Traduzione di Paragrafo 37, Libro 6 (Nero) di Svetonio

Versione originale in latino


Nullus posthac adhibitus dilectus aut modus interimendi quoscumque libuisset quacumque de causa. Sed ne de pluribus referam, Salvidieno Orfito obiectum est, quod tabernas tres de domo sua circa Forum civitatibus ad stationem locasset, Cassio Longinoiuris consulto ac luminibus orbato, quod in vetere gentili stemmate C. Cassi percussoris Caesaris imagines retinuisset, Paeto Thraseae tristior et paedagogi vultus. Mori iussis non amplius quam horarum spatium dabat; ac ne quid morae interveniret, medicos admovebat, qui cunctantes continuo curarent; ita enim vocabatur venas mortis gratia incidere. Creditur etiam polyphago cuidam Aegypti generis crudam carnem et quidquid daretur mandere assueto, concupisse vivos homines laniandos absumendosque obicere. Elatus inflatusque tantis velut successibus negavit quemquam principum scisse, quid sibi liceret, multasque nec dubias significationes saepe iecit, ne reliquis quidem se parsurum senatoribus, eumque ordinem sublaturum quandoque e re publica ac provincias et exercitus equiti Romano ac libertis permissurum. Certe neque adveniens neque proficiscens quemquam osculo impertiit ac ne resalutatione quidem; et in auspicando opere Isthmi magna frequentia clare, ut sibi ac populo Romano bene res verteret, optavit dissimulata senatus mentione.

Traduzione all'italiano


Da allora, senza fare nessun discernimento e senza nessuna moderazione, fece morire a suo capriccio tutte le persone che voleva con qualsiasi pretesto. Ma, per non dilungarmi troppo, dirò che si accusò Salvidieno Orfito di aver affittato come ufficio per i funzionari della città tre negozi che facevano parte della sua casa presso il foro; Cassio Longino giureconsulto accecato, di aver conservato in un antico stemma di famiglia il ritratto di C. Cassio, Uno degli assassilli di Cesare; Peto Trasea di avere l'aria accigliata di un pedagogo.
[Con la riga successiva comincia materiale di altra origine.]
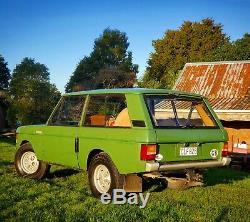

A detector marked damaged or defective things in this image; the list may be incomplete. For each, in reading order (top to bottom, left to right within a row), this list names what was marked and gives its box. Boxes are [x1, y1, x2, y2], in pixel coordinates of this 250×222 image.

rusty metal roof [174, 60, 250, 110] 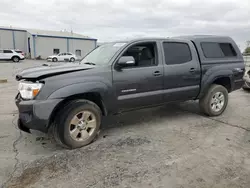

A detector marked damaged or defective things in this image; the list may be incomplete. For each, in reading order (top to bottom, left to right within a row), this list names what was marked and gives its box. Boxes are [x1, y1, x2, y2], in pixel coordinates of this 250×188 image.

crumpled hood [15, 63, 95, 81]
A coloro cui aveva ordinato di uccidersi, concedeva soltanto poche ore di tempo e per prevenire ogni ritardo inviò loro anche dei medici incaricati di prestare le loro "cure" in caso di esitazione; era questa del "prestar le cure" una sua tipica espressione per dire di aprire le vene allo scopo di provocare la morte. Si dice anche che abbia voluto offrire uomini vivi da maciullare e divorare a un egiziano abituato a mangiare carne cruda e tutto ciò che gli si presentava. Gonfio di orgoglio per così brillanti successi dichiarò che "nessun imperatore aveva saputo che cosa fosse lecito a lui" e spesso fece capire, con molte e precise allusioni che non avrebbe risparmiato neppure i restanti senatori e che un giorno avrebbe fatto sparire questo ordine dalla repubblica, per affidare le province e il comando degli eserciti ai cavalieri romani e ai liberti. In Ogni caso, sia quando entrava in Senato, sia quando ne usciva, non dava l'abbraccio a nessuno e neppure rispondeva ai saluti; e prima di far cominciare i lavori dell'istmo disse ad alta voce, in presenza di una folla considerevole, che si augurava "la buona riuscita dell'' impresa per sé e per il popolo romano", senza fare il minimo accenno al Senato.